Salmon Croquettes Recipe

Salmon croquettes
LauriPatterson / Getty Images
  • Total: 25 mins
  • Prep: 20 mins
  • Cook: 5 mins
  • Yield: 8 Servings
Nutritional Guidelines (per serving)
343 Calories
5g Fat
61g Carbs
11g Protein
See Full Nutritional Guidelines Hide Full Nutritional Guidelines
Nutrition Facts
Servings: 8 Servings
Amount per serving
Calories 343
% Daily Value*
Total Fat 5g 6%
Saturated Fat 1g 6%
Cholesterol 35mg 12%
Sodium 679mg 30%
Total Carbohydrate 61g 22%
Dietary Fiber 3g 10%
Protein 11g
Calcium 75mg 6%
*The % Daily Value (DV) tells you how much a nutrient in a food serving contributes to a daily diet. 2,000 calories a day is used for general nutrition advice.
(Nutrition information is calculated using an ingredient database and should be considered an estimate.)

These delicious salmon croquettes are made with canned salmon, though you can substitute cooked salmon, as long as the bones and skin are removed.

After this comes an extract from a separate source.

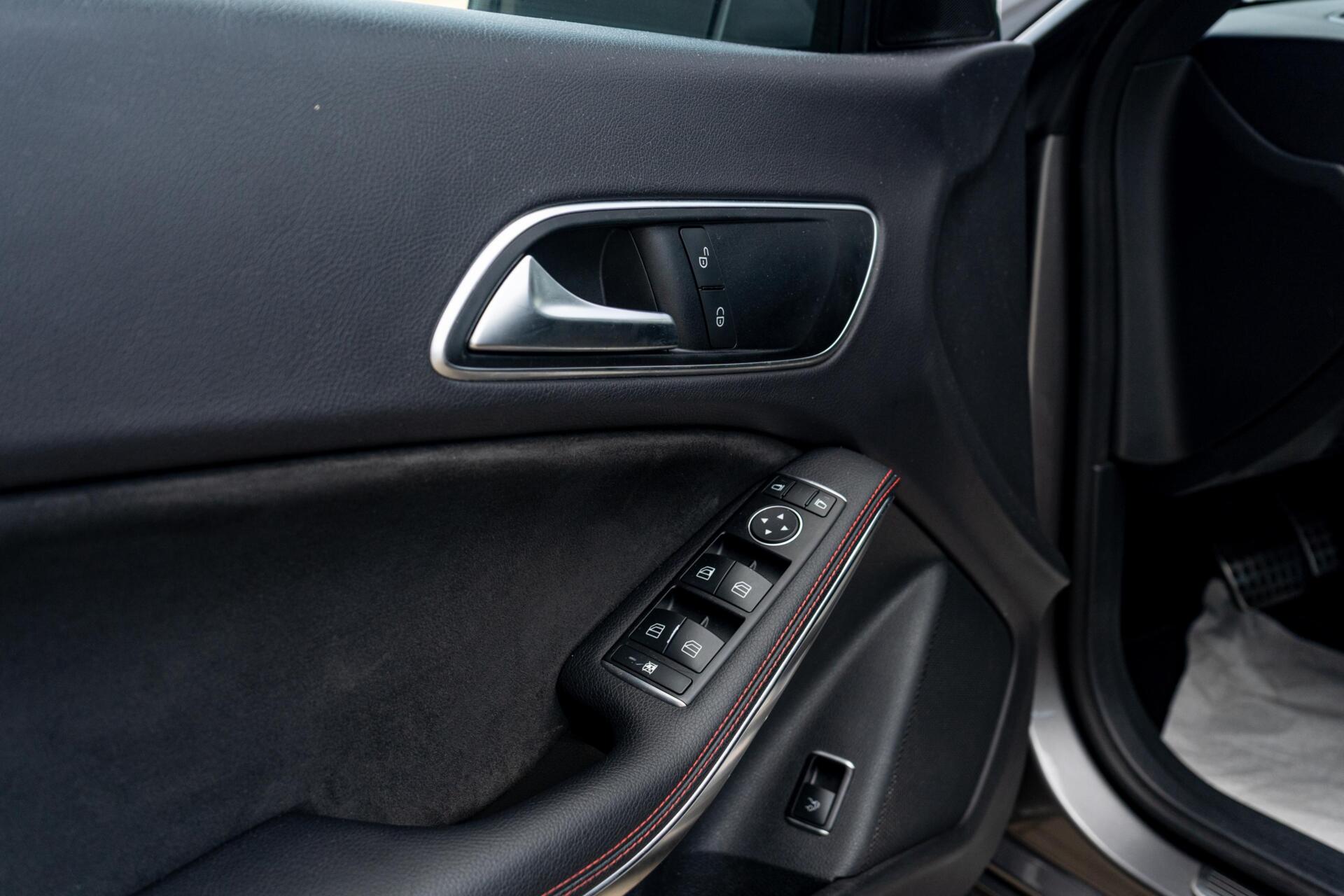 Foto van Mercedes-Benz Cla-klasse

This recipe calls for two cups of cooked rice, so it's great for using up leftover rice or risotto. But you can also use mashed potatoes instead of rice.

Finally, I like to bread these croquettes with a crispy Japanese type of breadcrumbs called Panko. Here's a demo on the standard breading procedure.


  • 2 small (3.75 oz.) cans salmon (or about ½ lb. cooked salmon)
  • 2 cups cooked rice
  • 1 teaspoon lemon juice
  • 1 teaspoon Worcestershire sauce
  • 1 egg, beaten
  • 1 cup flour
  • 1½ cups Panko breadcrumbs
  • 1 teaspoon herbs de provence
  • 1 teaspoon Kosher salt
  • Kosher salt and freshly ground black pepper, to taste
  • Safflower oil (or another high-heat oil) for frying

Steps to Make It

  1. Remove any bones from the salmon. Use a fork to mash the salmon up in a large bowl.

  2. Add the rice, lemon juice, Worcestershire sauce and mix to combine. Add the rice a little bit at a time. The rice ratio is right when you can squeeze a handful of the mixture and it holds its shape without falling apart.

  3. Form the mixture into flat patties. You should be able to make about 8 of them.

  4. In a shallow dish, combine the Panko, herbs, and salt.

  5. Have the flour, egg, and the seasoned Panko ready in three separate shallow pans or dishes.

  6. For each croquette, first dredge it in flour, then dip it in the egg, and finally, coat it in Panko. (See the standard breading procedure.) Chill for 15 minutes.

  7. Heat about ¼ inch of oil in a heavy-bottomed sauté pan. When a few crumbs of Panko sizzle when tossed into the oil, it's hot enough.

  8. Fry the croquettes for a minute or two, until golden brown on the bottom. Flip and repeat. If your pan is small, work in batches rather than overcrowd the pan.

  9. Remove the croquettes, drain excess oil on paper towels, and serve right away.

Serve with a lemon mayonnaise or aioli.